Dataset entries
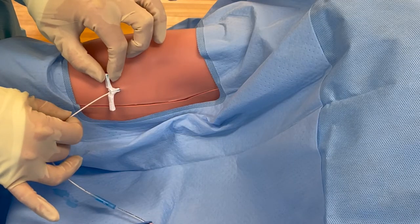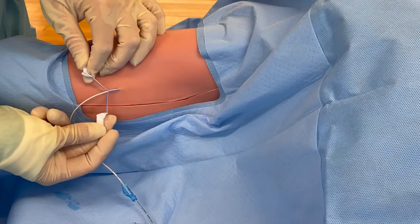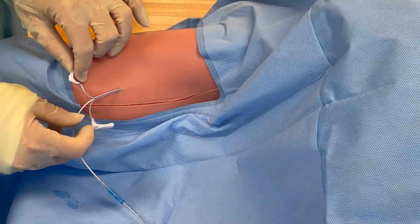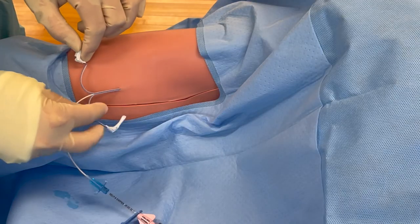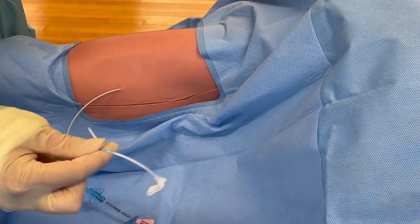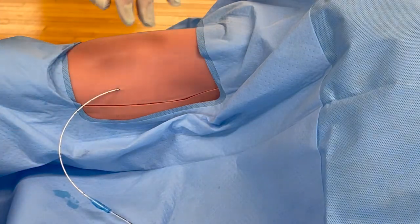Once you have your PICC tip in the correct position - remember there are three textbook locations for that - you would, holding the PICC line where it is, slowly retract the introducer and then it snaps apart and peels. Make sure your PICC line has not migrated out, then pull the introducer over it and peel it apart. Pull and peel, pull and peel, pull and peel it off entirely. That is single use, and ensure you are at 35 centimeters or whatever your tip location was.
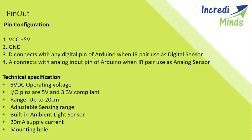We will look at the technical specifications. The thing which has to be focused on is its range — its range is limited to 20cm. The input and output pins work at 5V and are 3.3V compliant. It has an adjustable sensing range.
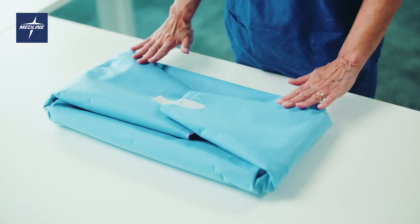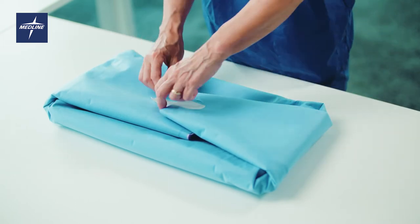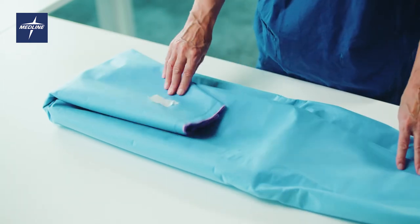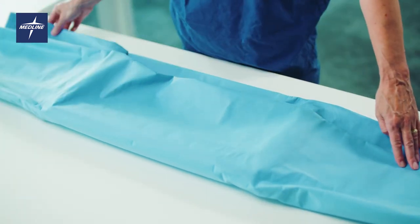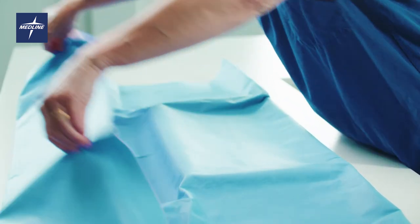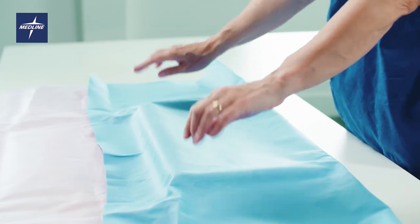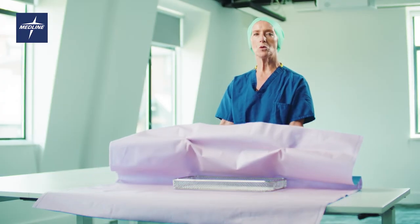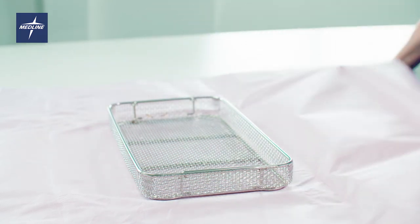With the fold of the set towards you, break the tape, unfold the wrap to the sides, open the tray wrap away from you, finally pinch the tray wrap at the corners of the instrument set, fold back towards you to expose the sterile field.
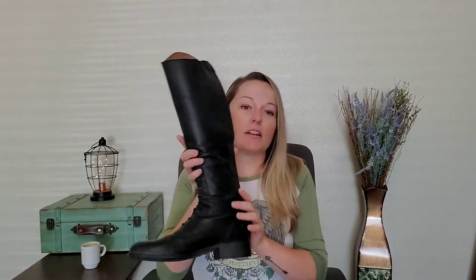Today I'm reviewing the Ariat Heritage Contour Field Zip 2 Tall Riding Boot. At the end of this video, I'm going to include a link to a clip of me modeling them with breeches on so you can see them in a different light, but today we're just talking about what it's like owning them after two years, would I buy them again, do I recommend them, where's the best places to get yourself a pair — that sort of thing. It'll be kind of short and sweet.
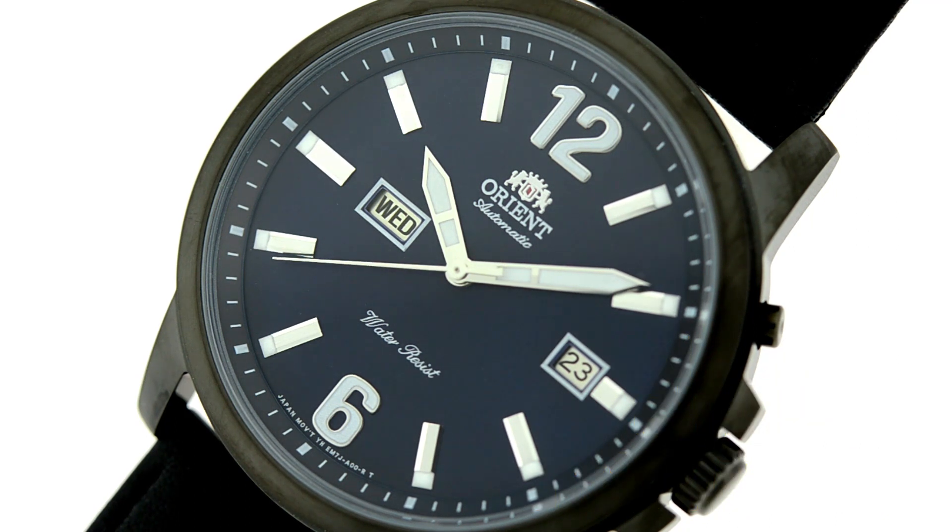As you can tell from the functionality of the watch, you can see that it has a day and date as well as three hands for time. The movement we have right here is our Cal 469, which is our most famous mechanical movement since the company's inception.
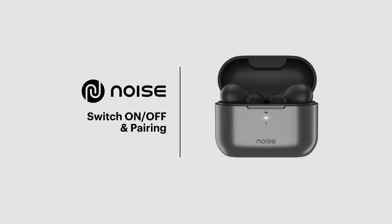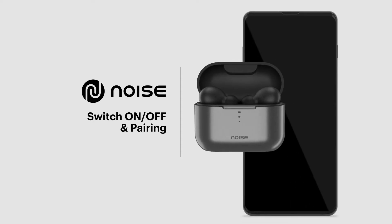Just got your new BudsPop wireless earbuds? Let's get you all set up. Before we begin, make sure that your smartphone and BudsPop are next to each other, and the earbuds are fully charged. Done? Let's start.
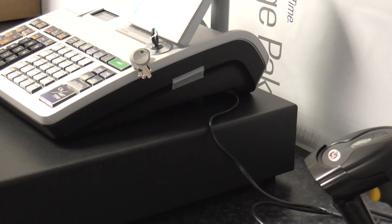This video shows you how to install the barcode scanner. This is the package that we sell on our website — the hands-free barcode package.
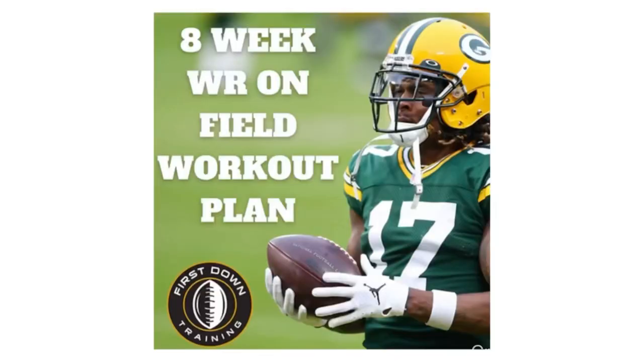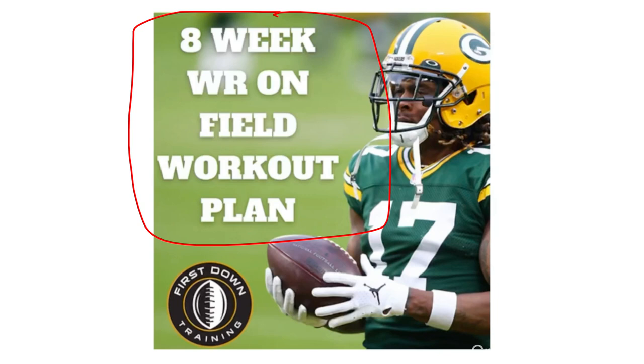Alright fellas, I really want to thank you for watching — I really appreciate it. If you have any questions, don't hesitate to leave them in the comment section below. Always appreciate the feedback. And again, if you would like an 8-week wide receiver on-field workout schedule covering everything wide receivers should be doing for route running and press releases, check out that very first link in the description below. I'll see you guys next time.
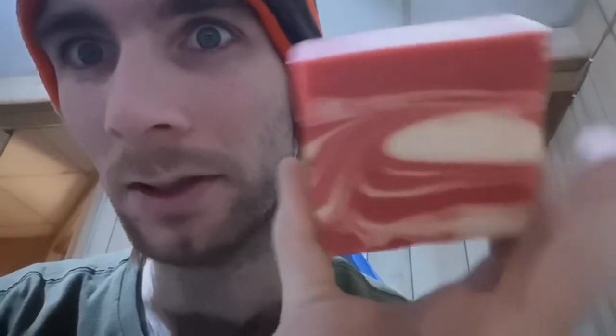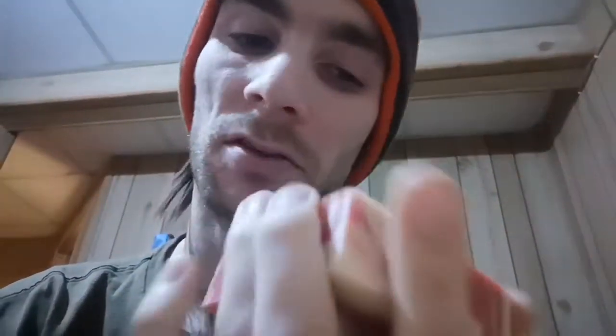Just a second, I'm gonna open this up. And just look at the soap, it looks pretty friggin' cool. And it smells like — well, it smells like peppermint. I have no other way to really describe it, but I'm gonna go jump in the shower and give everything a try here.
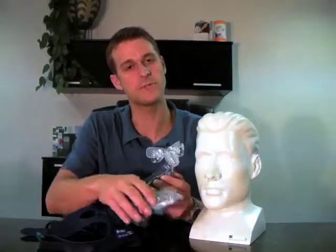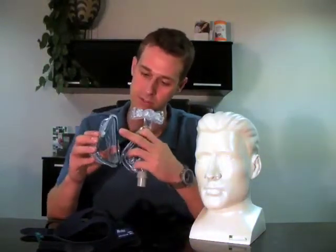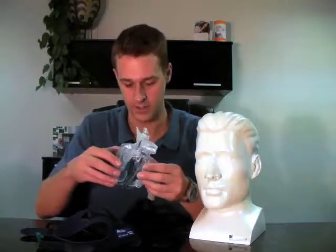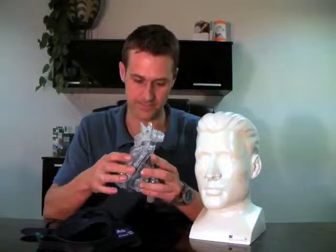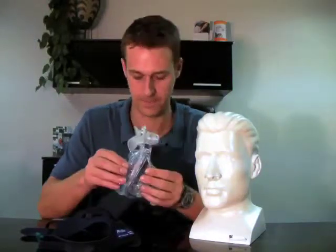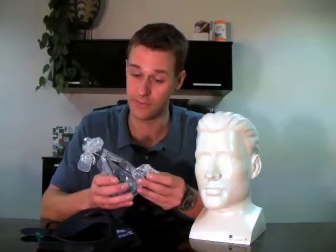To reassemble the mask, the first thing that we're going to do is take the cushion and take these three points and fit them into the slots that are already on the mask frame. Sometimes it will click — as if you could hear it there.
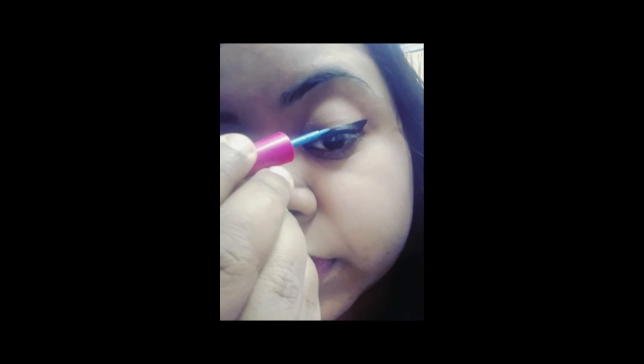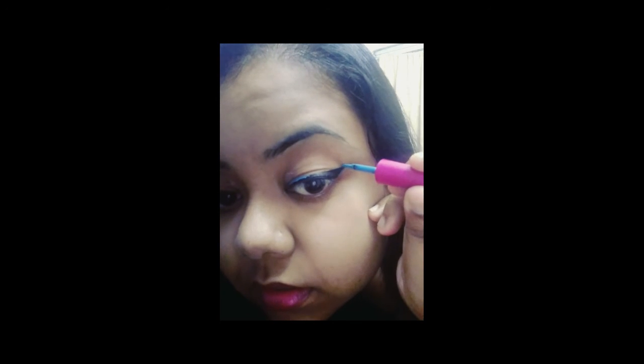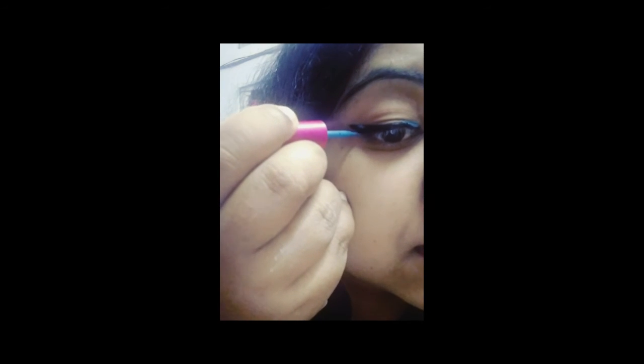Second step — choose your favorite dress and matching color. Apply only at the midpoint and lead point of the eye.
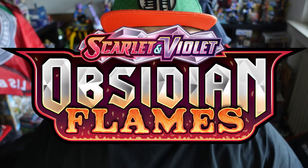Heyo guys, it's your boy StrongBean here to talk about another video. This time we are opening Obsidian Flames. This is the newest set that's coming out very soon — I think on the 11th of August if I'm not mistaken.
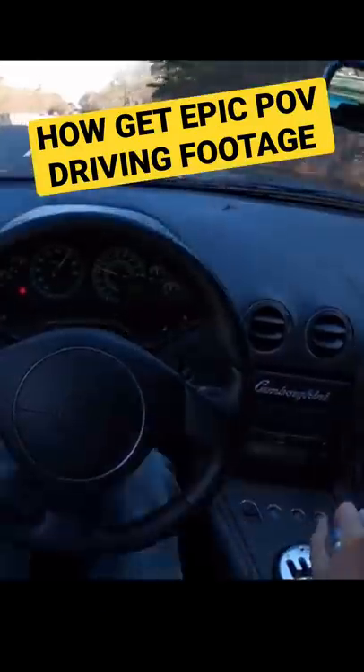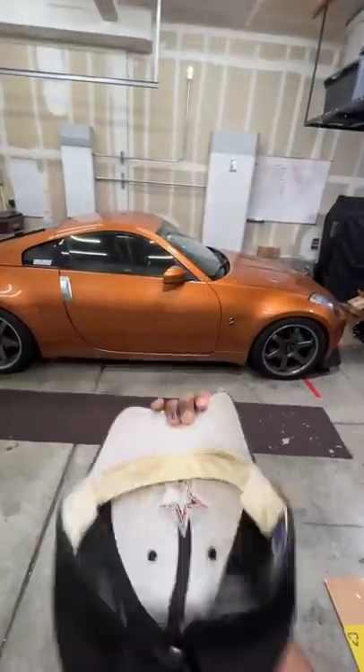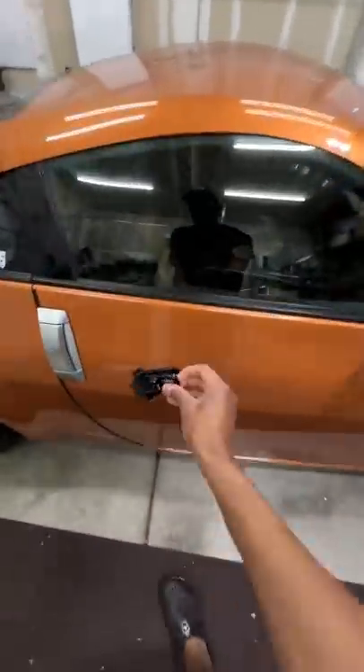So how do you get clean POV footage of you driving your car? You'll need a filming hat with a strap, a pair of glasses, a GoPro, and a magnetic swivel mount.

### Your goal
Repeat the lines above exactly, beginning with the one containing "With the fold" and finishing with the one containing "Just got your". No pictures belong in the copy.

### Reply
With the fold of the set towards you, break the tape, unfold the wrap to the sides, open the tray wrap away from you, finally pinch the tray wrap at the corners of the instrument set, fold back towards you to expose the sterile field.
Today I'm reviewing the Ariat Heritage Contour Field Zip 2 Tall Riding Boot. At the end of this video, I'm going to include a link to a clip of me modeling them with breeches on so you can see them in a different light, but today we're just talking about what it's like owning them after two years, would I buy them again, do I recommend them, where's the best places to get yourself a pair — that sort of thing. It'll be kind of short and sweet.
As you can tell from the functionality of the watch, you can see that it has a day and date as well as three hands for time. The movement we have right here is our Cal 469, which is our most famous mechanical movement since the company's inception.
Just got your new BudsPop wireless earbuds? Let's get you all set up. Before we begin, make sure that your smartphone and BudsPop are next to each other, and the earbuds are fully charged. Done? Let's start.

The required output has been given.